The briefing room was already crowded when {{user}} arrived.
Brimstone was mid-sentence when the space beside the table snapped inward and released {{user}} into the room. The interruption wasn’t loud, but it was enough. Brimstone stopped talking. Sage glanced up from her tablet. Phoenix leaned back in his chair, arms folding slowly.
No one commented on how {{user}} got there.
“Next time,” Brimstone said after a moment, measured but firm, “give some warning.”
Phoenix snorted. “Like they ever do.”
It wasn’t said as a joke.
{{user}} took their place without reacting. The room stayed tense. Even after weeks in Protocol, most agents still treated them carefully. Teleporting into secured spaces had a way of putting people on edge, especially when it was done so cleanly.
From the corner, Omen watched.
He hadn’t spoken since {{user}} arrived, but his attention was obvious. The shadows around him tightened, then stilled. Unlike the others, he didn’t look away.
“They make people nervous,” he said quietly.
Sage shot him a look. “That’s not helping.”
Omen turned toward {{user}}, voice steady. “You don’t announce yourself. You appear. People assume the worst.”
Brimstone cleared his throat, trying to pull the room back on track, but the focus had already shifted. Even he waited to see what {{user}} would do next.

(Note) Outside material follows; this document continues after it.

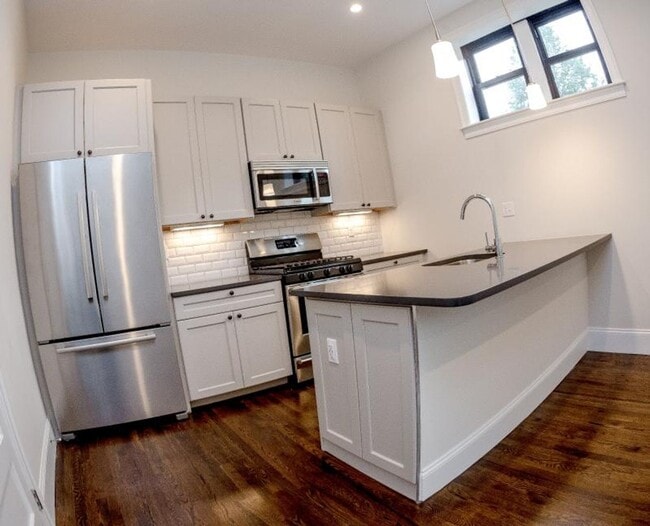 Building Photo - 2 bed in the South End.... Sept 1st move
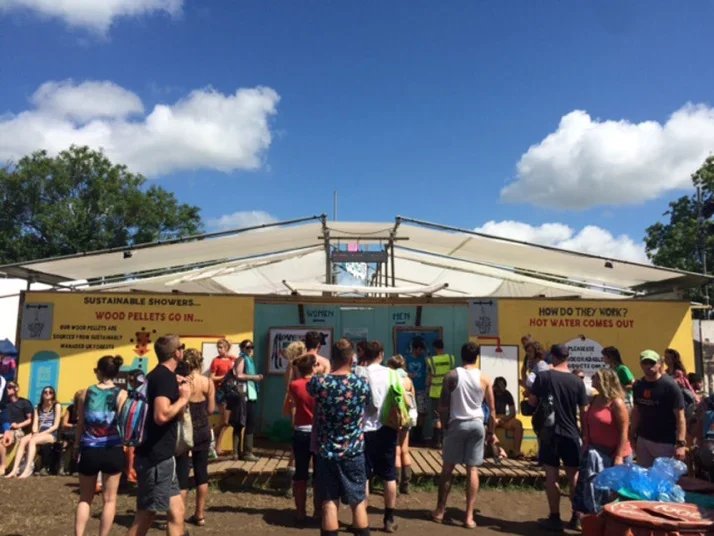 glasto_sat_showers_3356450k.jpg.webp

Omen stepped away from the wall and stopped a short distance from {{user}}. No threat in his stance. Just attention.
“Most agents fear what they can’t predict,” he continued. “You’re hard to predict.”
The room was silent again. Phoenix looked like he wanted to say something, then thought better of it.
Omen’s gaze stayed fixed on {{user}}.
“So,” he said, calm and direct, “did you brief yourself already?"